O Ministério da Integração e do Desenvolvimento Regional reconheceu situação de emergência em saúde pública no município de Dourados (MS). A portaria foi publicada nesta segunda-feira (30) no Diário Oficial da União e cita surtos de doenças infecciosas virais, com incidência de casos de chikungunya.
O reconhecimento permite que o município amplie medidas de enfrentamento da doença nos bairros e intensifique ações na reserva indígena, em articulação com os governos federal e estadual.
Na sexta-feira (27), o prefeito Marçal Filho assinou decreto que declara estado de emergência nas áreas afetadas pela epidemia. O ato dá maior autonomia à Defesa Civil municipal para coordenar as medidas de combate.
Boletim epidemiológico de 26 aponta, na área urbana:
– 1.455 casos prováveis;
– 785 casos confirmados;
– 900 em investigação;
– 39 internações.
Na Reserva Indígena de Dourados foram registrados:
– 1.168 casos prováveis;
– 629 casos confirmados;
– 539 em investigação;
– 7 internações;
– 428 casos com atendimento hospitalar;
– 5 óbitos por chikungunya.
O decreto, publicado em edição suplementar do Diário Oficial do Município, autoriza a mobilização de todos os órgãos municipais sob o comando da Coordenadoria Municipal de Proteção e Defesa Civil para ações de resposta ao desastre e reconstrução das áreas afetadas.
O texto também prevê a convocação de voluntários e a realização de campanhas de arrecadação de recursos para reforçar a resposta à epidemia.

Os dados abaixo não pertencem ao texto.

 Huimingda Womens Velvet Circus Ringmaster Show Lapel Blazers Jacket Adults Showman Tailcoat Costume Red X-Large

Em seu artigo 4º, autoriza, em caso de risco iminente, que autoridades e agentes de proteção e defesa civil entrem em residências para prestar socorro ou determinar evacuação imediata, além de utilizar propriedade particular em situação de perigo público iminente, com garantia de indenização posterior ao proprietário se houver dano.

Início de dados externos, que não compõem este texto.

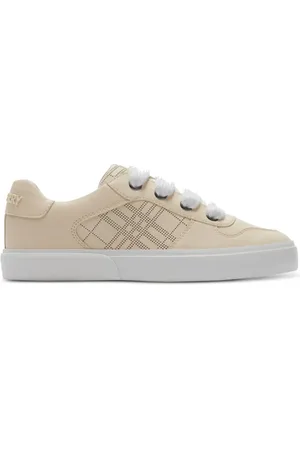 Burberry Baskets en cuir à carreaux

A chikungunya é uma arbovirose transmitida pela picada de fêmeas do gênero Aedes. No Brasil, o vetor identificado é o Aedes aegypti, também responsável pela transmissão da dengue. Entre os principais sinais estão edema e dor articular intensa, podendo haver manifestações extraarticulares. Casos graves podem exigir internação hospitalar e evoluir para óbito.